**Activity:** All lines from the one that has "PRENAJATÉ 1-izbový byt" onward to the end of the records below are to be returned exactly; pictures are to be skipped.

**Dataset records:**
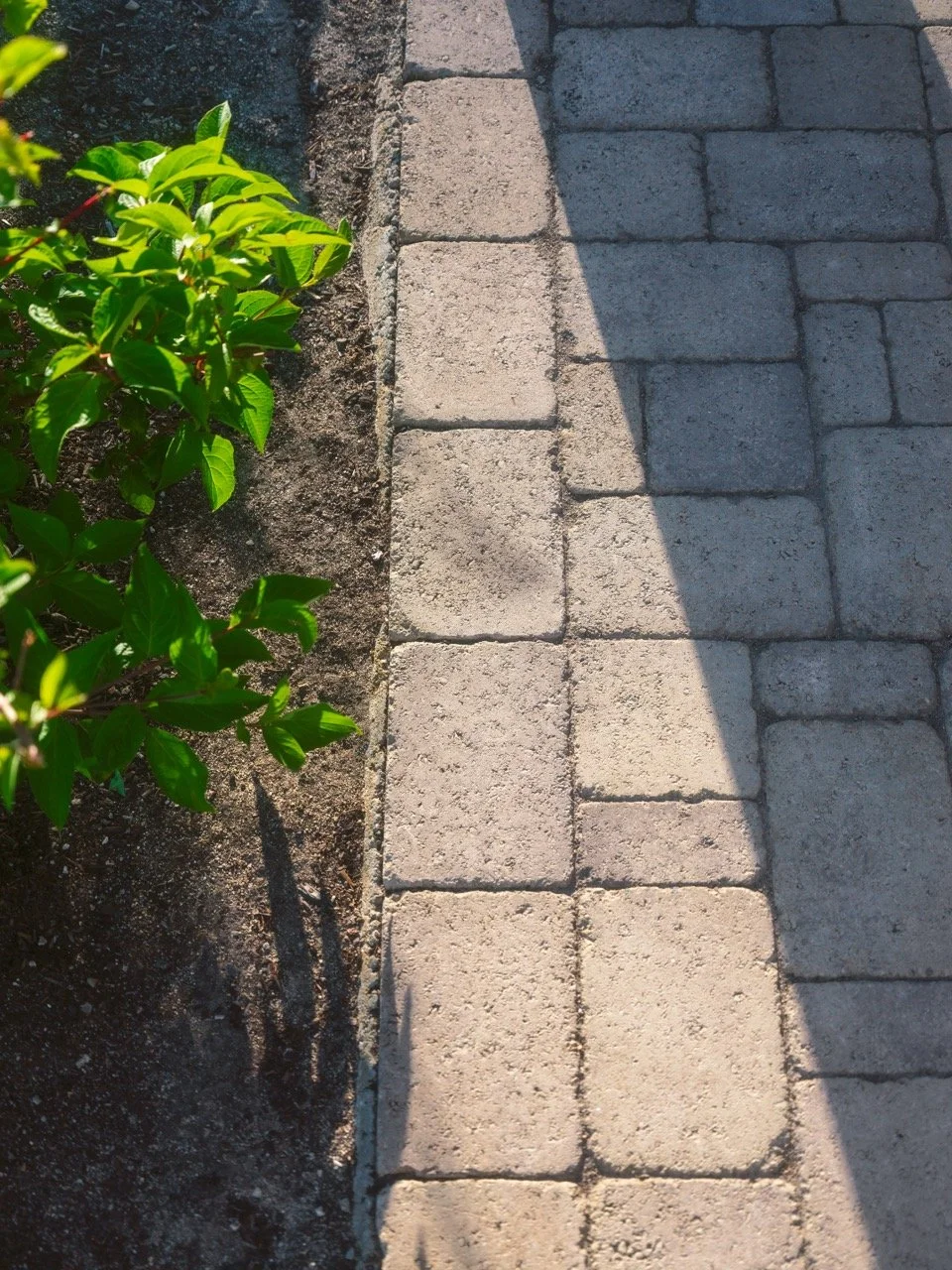 SHERRY pavers 1 Large.jpeg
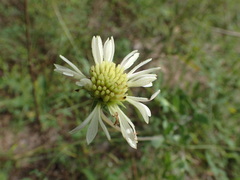 Gaillardia aestivalis winkleri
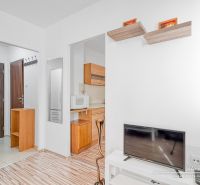 PRENAJATÉ 1-izbový byt so spacím kútom na Okružnej ulici v Trnave - Interiér 1-izbového bytu s podlahou s dreveným dekorom a svetlým nábytkom.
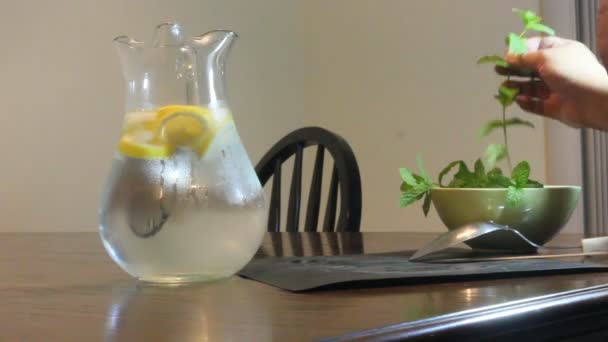 Нарезка мяты для лимонной воды — стоковое видео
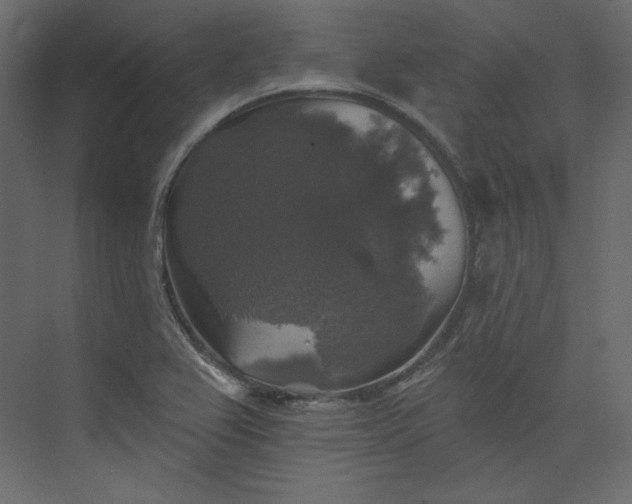 X0000073891367200608251420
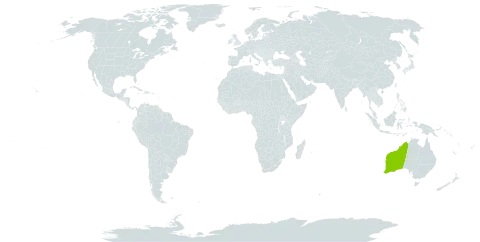 Acacia anfractuosa world distribution map, present in Australia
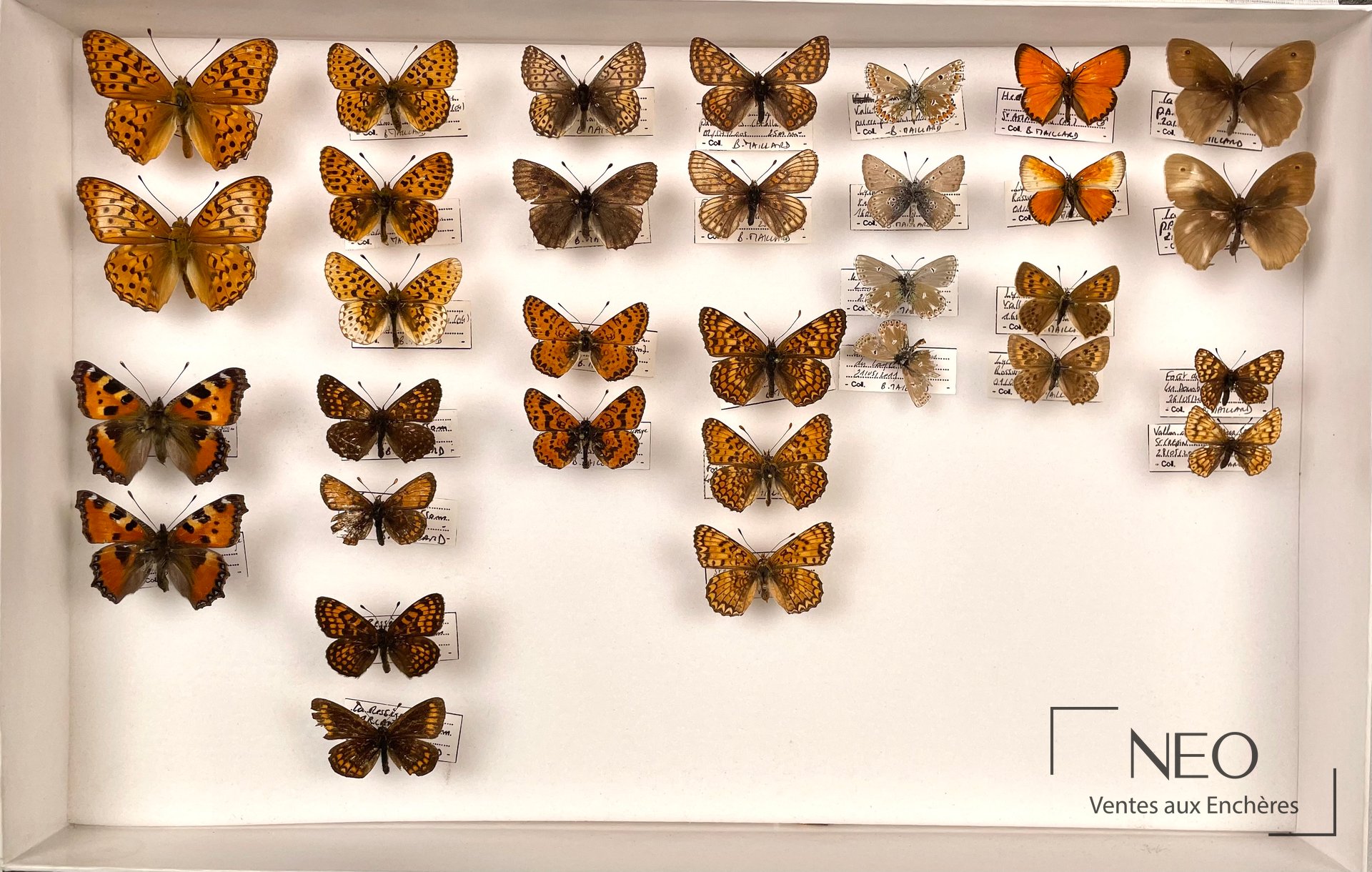 Boîte de lépidoptères Rhopalocères tératologiques, 32 exemplaires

**Expected answer:**
 PRENAJATÉ 1-izbový byt so spacím kútom na Okružnej ulici v Trnave - Interiér 1-izbového bytu s podlahou s dreveným dekorom a svetlým nábytkom.
 Нарезка мяты для лимонной воды — стоковое видео
 X0000073891367200608251420
 Acacia anfractuosa world distribution map, present in Australia
 Boîte de lépidoptères Rhopalocères tératologiques, 32 exemplaires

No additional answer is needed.